First, I had to learn how to knit:
As I headed down that road, I came to know some special master craftspeople. First, I met Angie. Angie Mobley.
She was our teacher for Parent-Child classes at the Waldorf school here in Louisville, Kentucky. (I think she might be a sorceress. She passes her hands over any given material and suddenly: a bit of magic. Here is the link to her blog: The Indigo Rabbit.) She led me into the world of wool and handwork. I love her so, so much.
Then I met Kristen. Kristen Matly-Dennis.
She owned and operated the famed Knit Nook for five years until her MFA in writing, a new baby and a rotten economy led her to shut its doors.
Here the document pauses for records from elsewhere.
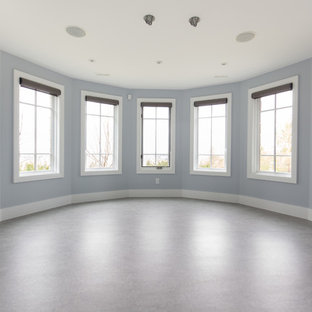 Foto di una grande palestra multiuso minimalista con pareti blu, pavimento in linoleum e pavimento grigio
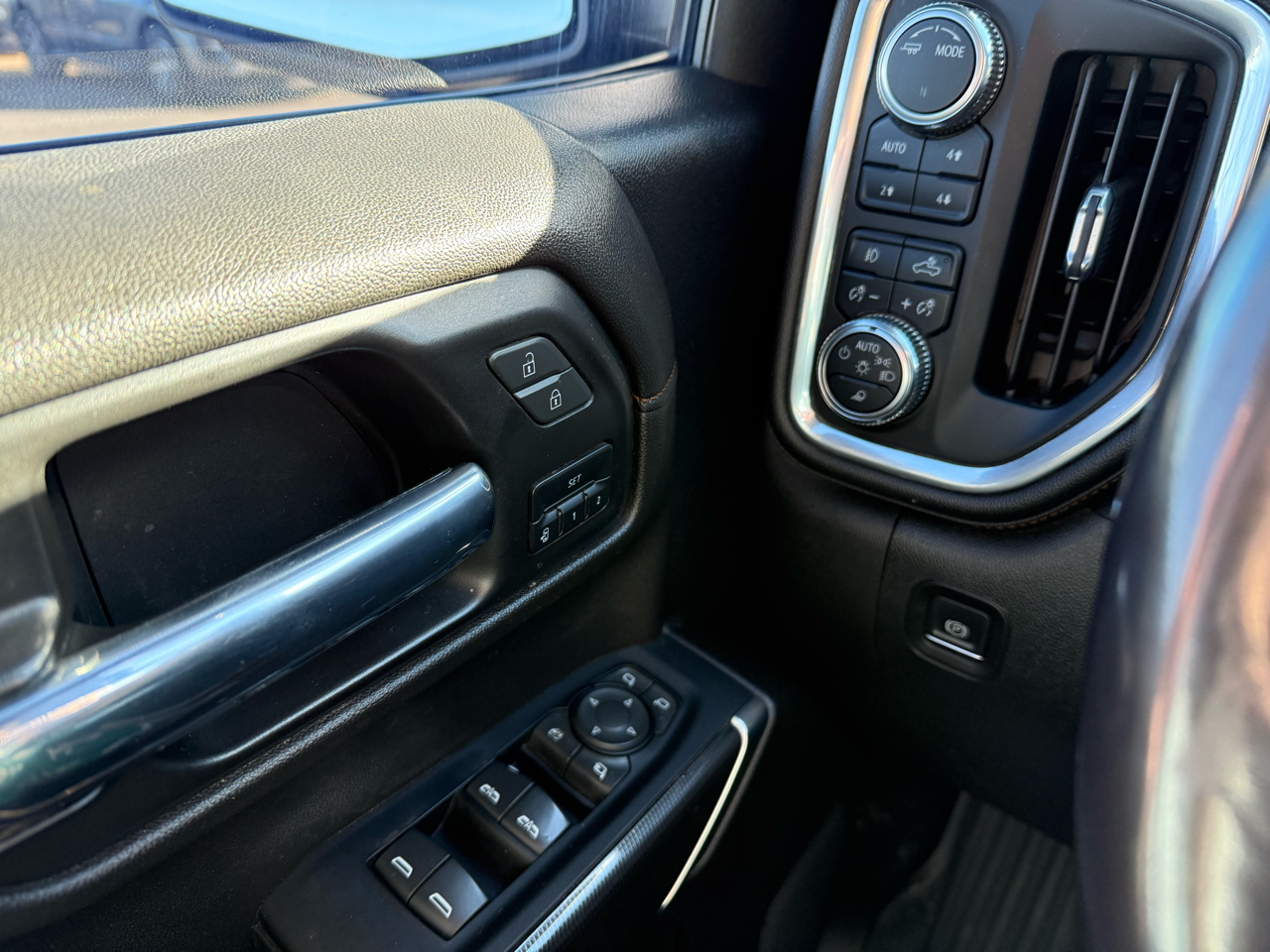 GMC Sierra 1500 AT4 Crew Cab 4WD 2021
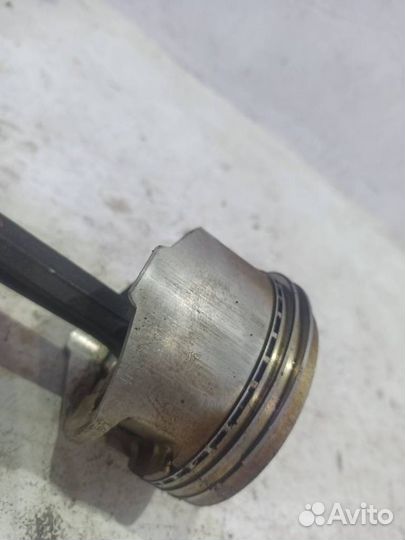 Поршень с шатуном Форд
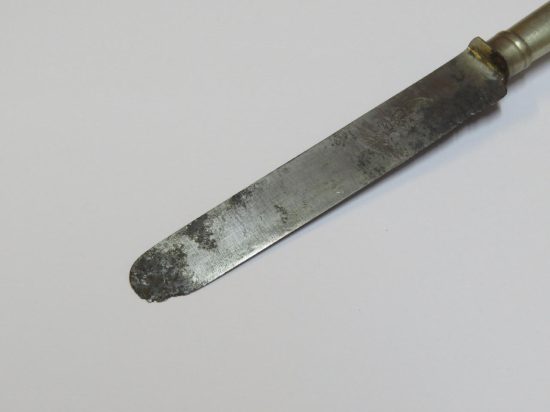 Lote: 103 - Lote: 103 - Cuchillo de mesa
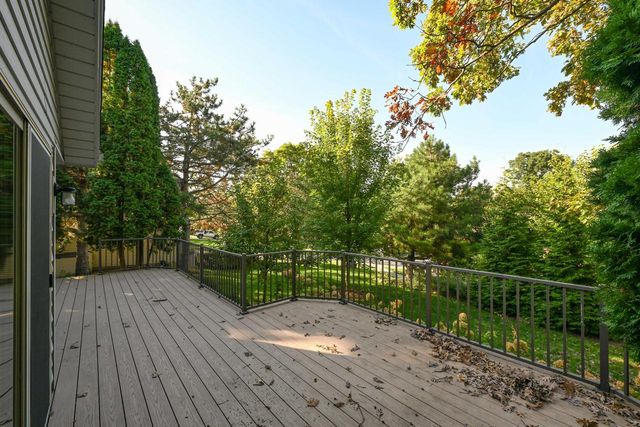 1244 Hickory DRIVE N, Waukesha, WI 53186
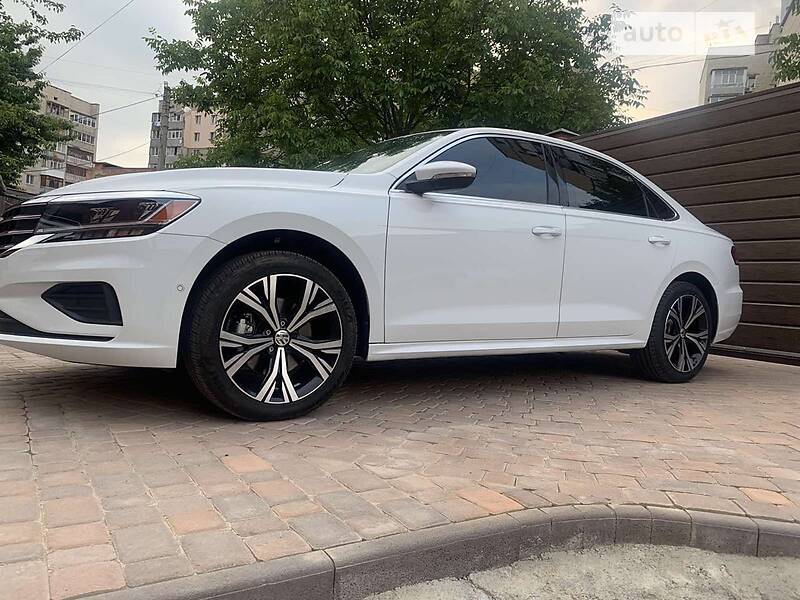 Седан Volkswagen Passat 2020 в Виннице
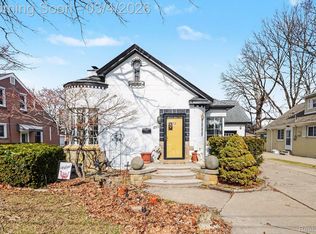 20501 Shady Lane Ave, Saint Clair Shores, MI 48080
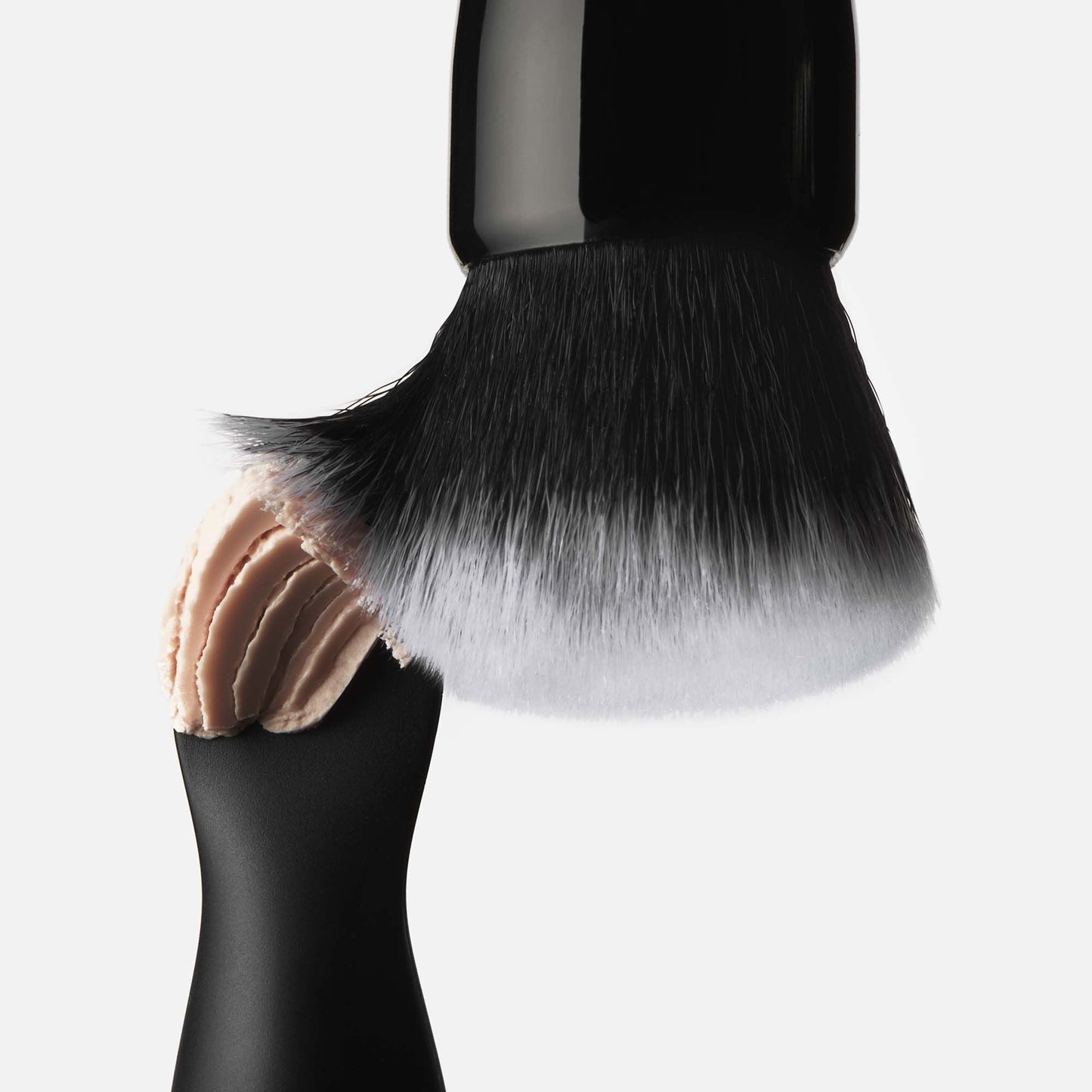 putty-primer-brush-and-applicator-q6 040523_SL_PuttyApplicator_0025_FINAL_RGB_IGF.jpg
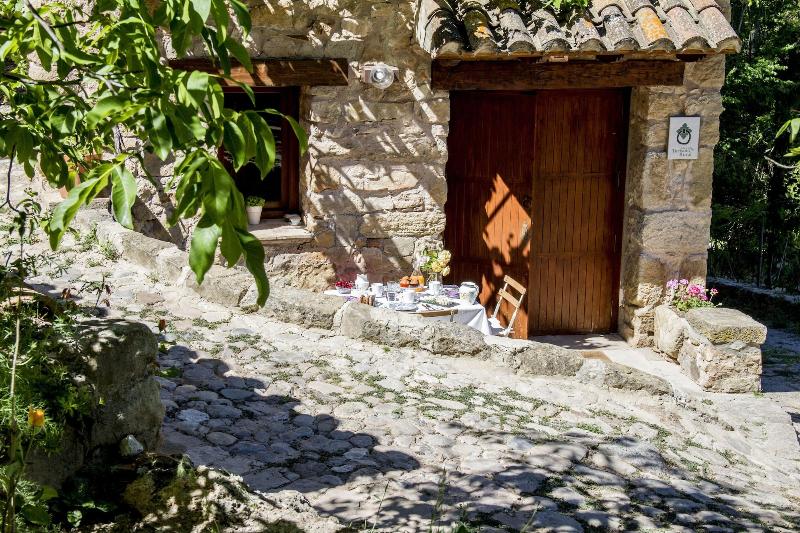La Casa De Los Moyas image
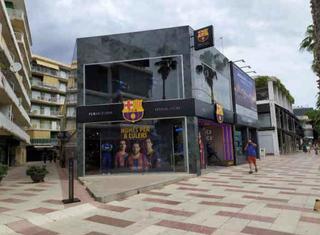 Local commercial  Av s´agaro. Solvia inmobiliaria  locales castellplatja daro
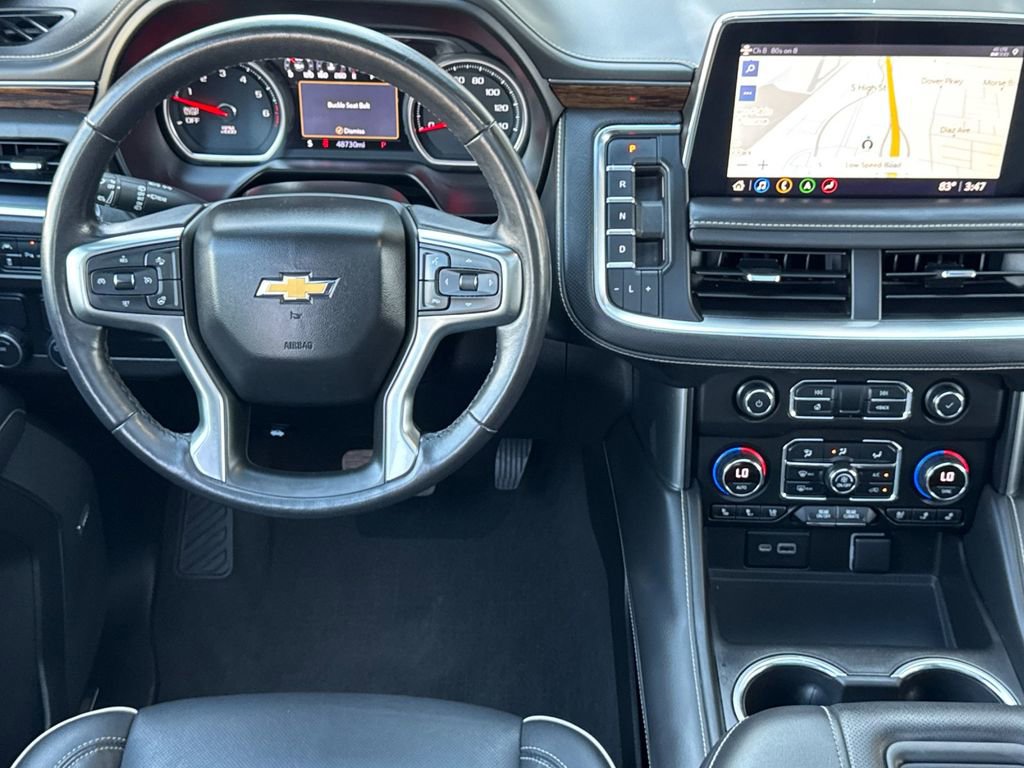 Used 2021 Chevrolet Suburban Premier image 15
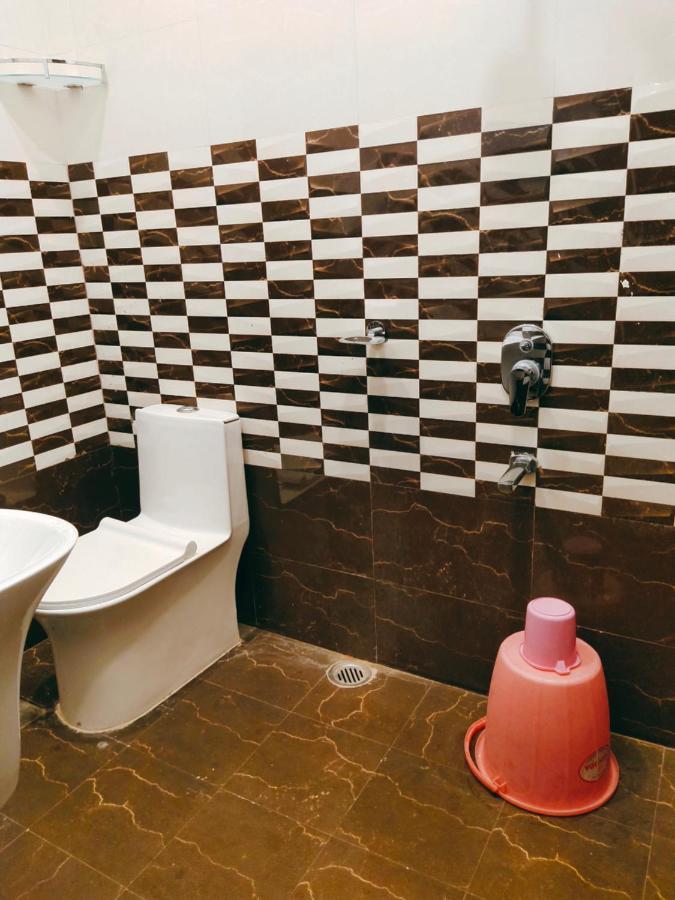 Hotel The Shree Jee Palace Mirzāpur المظهر الخارجي الصورة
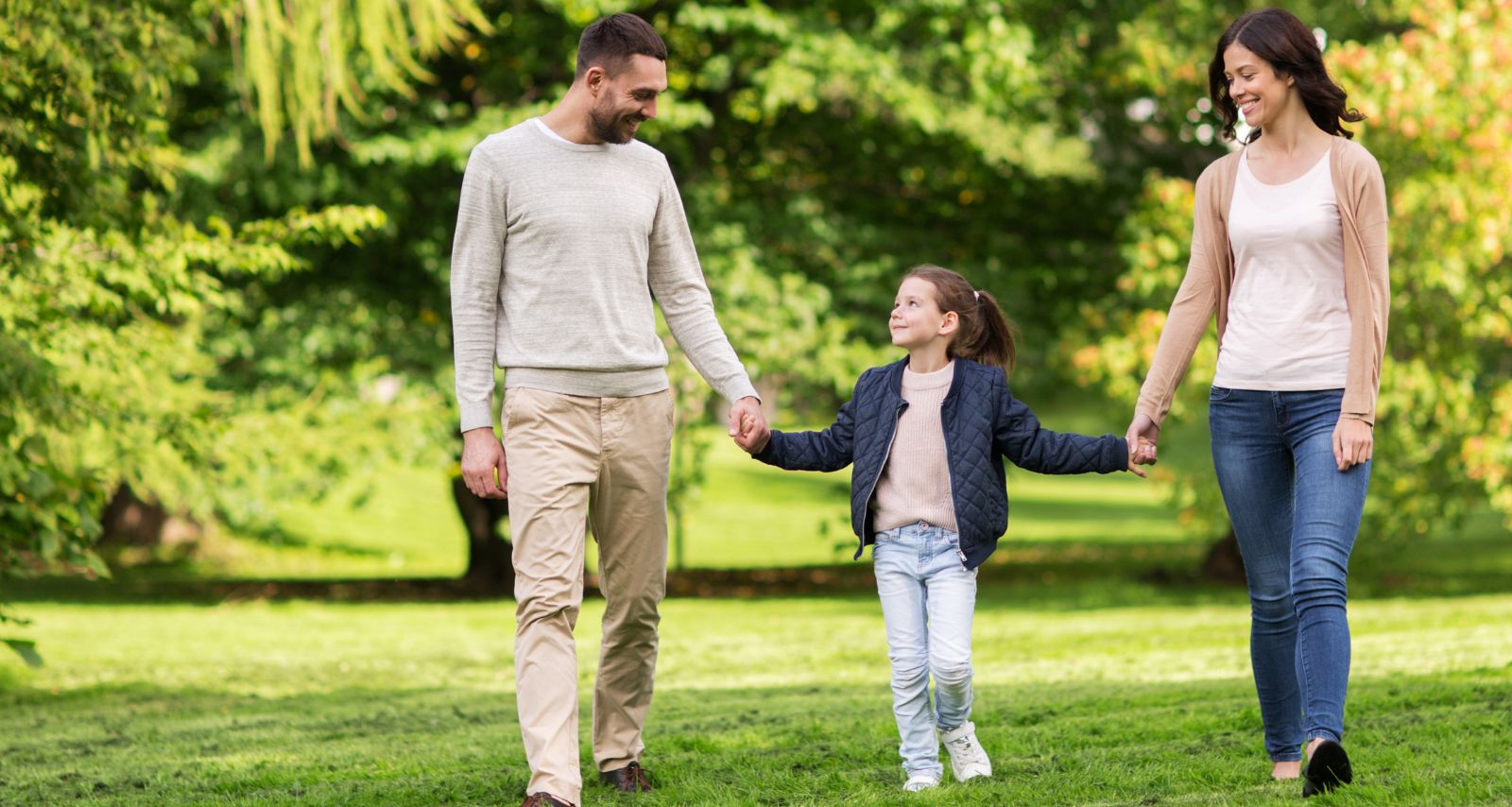 Vater, Mutter und Kind verbringen gemeinsame Zeit während der Familienreha.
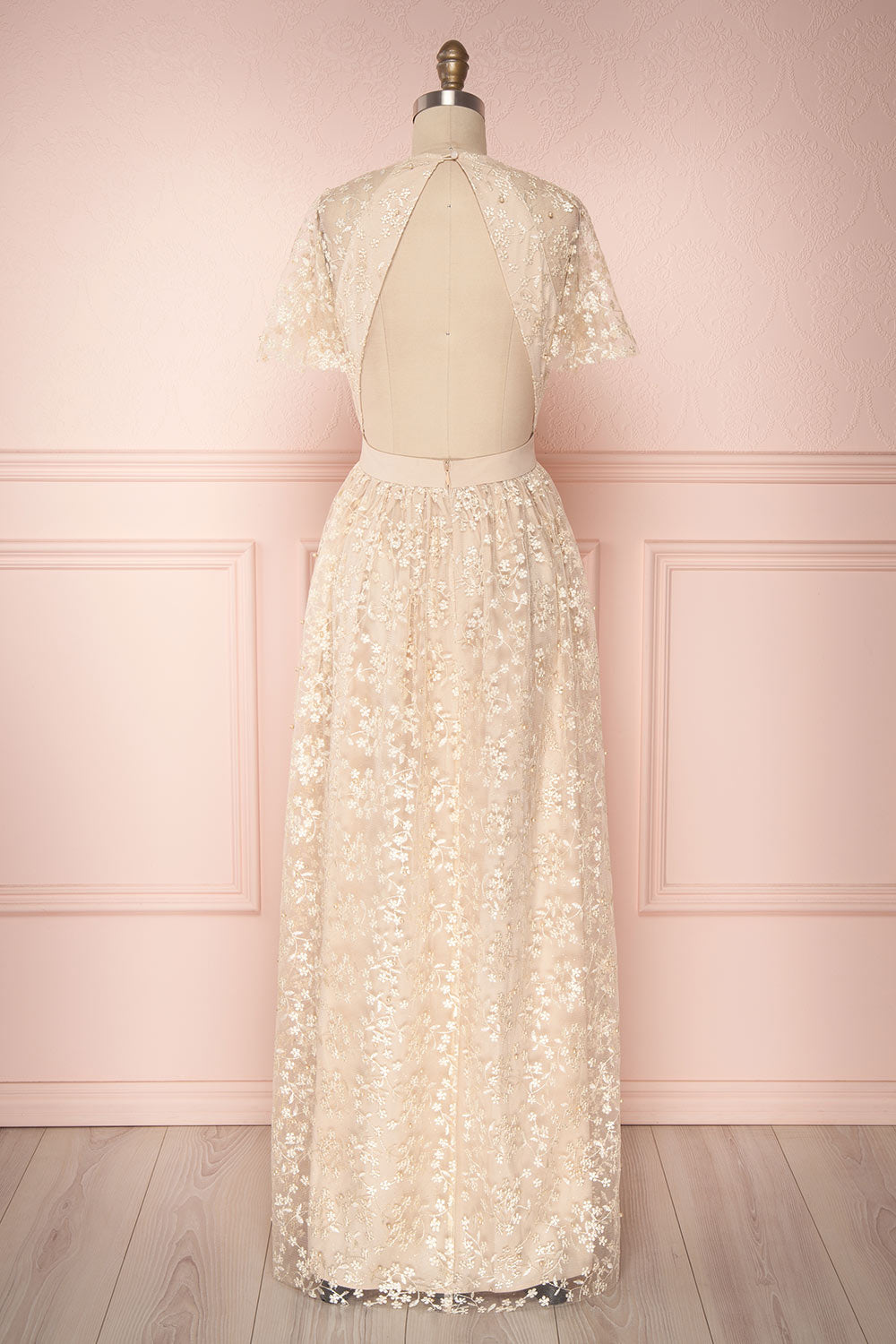 Namiko | Robe Beige Brodée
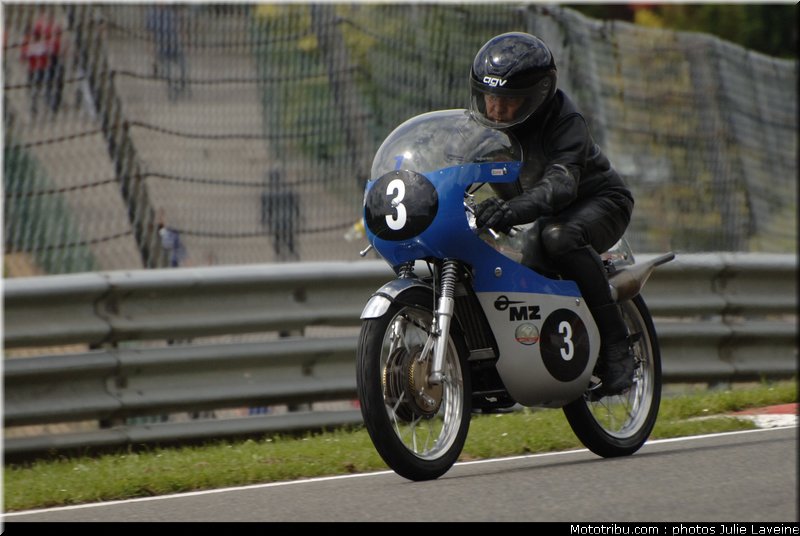 bikers_classics_gp1_gp2_034_2010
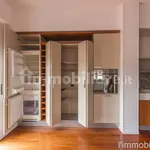 Rent 3 bedroom apartment of 90 m² in Verona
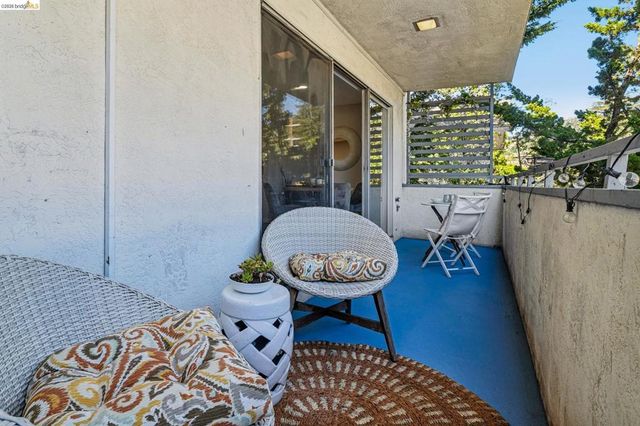 2614 Warring St 6A, Berkeley, CA 94704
I spent forever hours in her shop learning the craft of knitting. Now she is my good friend. We were supposed to go to the Yellow Springs Fiber Festival: A Wool Gathering tomorrow, but she just drove 2500 miles to Massachusetts and back and is unable to gear up for another road trip just yet. I will have to post photos for her.
Next, I met JoAnn. JoAnn Adams:
JoAnn taught me to spin.
It is an ongoing process, of course.
I met JoAnn at the fiber festival in Corydon, IN and over the past three years, have become her most avid student and a most appreciative friend. So avid and appreciative, I suspect she expects to find me hiding out on her property some day. I love her dogs, her sheep, her Low-Dutch Meeting House, and her. If I get within 5 miles of her farm, I break out in a twang and start talkin' 'bout the holler.
Last year, JoAnn and her husband, Sam, decided to "give" me a sheep. I say "give," because I do not have any place to put a sheep, and so, she lives at Sweet Home Spun, is cared for, bred and shorn at Sweet Home Spun. Basically, I get to dream about her. We call her "Baa". We are never sure exactly which one is Baa. Whichever one comes when we call is, in that moment, "Baa". TODAY, Baa's identity became very specific. TODAY is the day that Baa was shorn for the first time and her fleece designated as the one that I would spin and return to her as a sweater. Meet Baa:
Here are her before and after poses for the day:
My job this shearing day was to assist in skirting the fleeces. To skirt a fleece is to pull all the vegetation, dried excrement and matted clumps from the edges and to shake out what will fall. The lanolin coats your hands and your clothing develops a general dinge - great, great fun. Here's a fleece on the skirting table:
And here are few links for the day:
After the fleece is washed, carded and spun, I can begin to knit.
THE QUESTION REMAINS:
WHAT TO KNIT?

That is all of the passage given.